How Will Brexit Affect The Housing Market in 2019
On 23th June 2016, residents within the United Kingdom went to the polls to decide whether the country should remain as a member of the European Union. After months of ferocious political debate leading up to the vote, the public ultimately decided in favour of leaving the European Union. The ramifications of the nation’s decision were felt almost immediately, with the former Prime Minister David Cameron tendering his resignation and the pound dramatically decreasing in value.
With Brexit currently dominating the news, many people are talking and writing about the potential impact that it is going to have on the UK property market and mortgage interest rates. In areas such as central London, where some property prices have been decreasing since 2013, Brexit, together with increases in tax, has meant that these prices have fallen further. For example, the average property price in September last year in the London Borough of Hammersmith and Fulham down was 4.6% year on year. But, in total was down by 7.2% versus August 2015.
With this being said, many people do not have a choice about whether and when to buy and sell. Most people typically move because of a significant change in life circumstances whether planned or not. This could include:
- Getting married or divorced
- Having a child
- Health reasons
- Being in debt
- Relocating for work
- Relocating for school catchment areas
- Following bereavement
For those who do not have a choice but to move home, this may be a less-than-ideal time to do it. However, for investors, economic uncertainty can offer great future opportunities to secure discounted deals that don’t tend to be available during more financially settled times – so now could be a good time for those who have the capital and resources to invest to secure a bargain.
Potential Buyers and Sellers Are Choosing to Stay Put
The time it would take for the UK Government to negotiate fresh deals and relationships with the European Union could potentially put the brakes on short- to medium-term housing activity. In other words, and to put it simply, if people don’t need to move, then they are not going to.
More Pressure on Housing Stock
Britain leaving the European Union could prompt the government to tighten control of our borders. And this could result in a last-minute deluge in immigration, which will put short-term pressure on housing stock and demand.
Less Demand for High-End Property
If major international businesses relocate their headquarters outside of the UK in the aftermath of leaving the European Union, a large amount of highly-paid and wealthy executives will follow. This could result in a lower demand for high-end property, particularly in the capital and the south-east, further fuelling price reductions that are already underway.
House Prices Head South
UK house price growth is already beginning to tail off. But some property market professionals believe Brexit could trigger price falls as uncertainty prevails and demand for housing weakens.
New-Build Homes Will Be More Expensive
Any limitations on immigration under Brexit could result in fewer construction workers coming to the UK from overseas. And, if the demand for labour begins to overtake supply, then costs will rise for housing developers.

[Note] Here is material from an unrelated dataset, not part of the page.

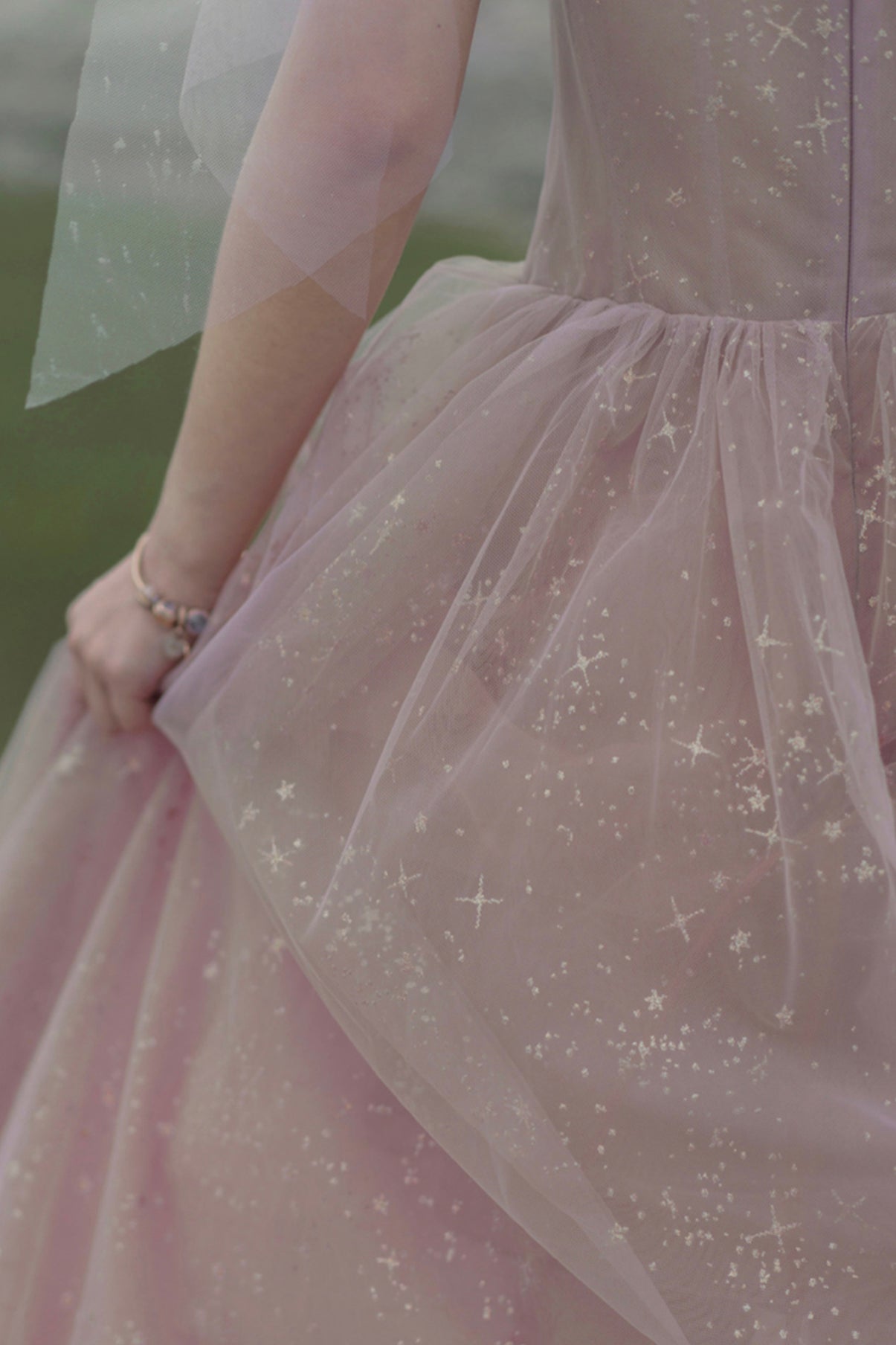 Pink A line prom dress pink tulle evening dress  8656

Less International Students Looking for Places to Stay
Changing enrolment rules and regulations for universities and colleges after Brexit could put off international students from coming to the United Kingdom to study for their qualifications. This would have a knock-on effect on the demand for property – which would spell bad news for student landlords.
While Brexit on its own might not directly affect the property marketplace, it has reduced the majority of people’s confidence when it comes to making major financial decisions such as buying a new property. So, together with other negative economic news that came out in 2018- including significant job losses and pressures on high street businesses, Brexit has given the majority of people a reason to put off moving home until things have settled down or are at least a little more transparent than it is now.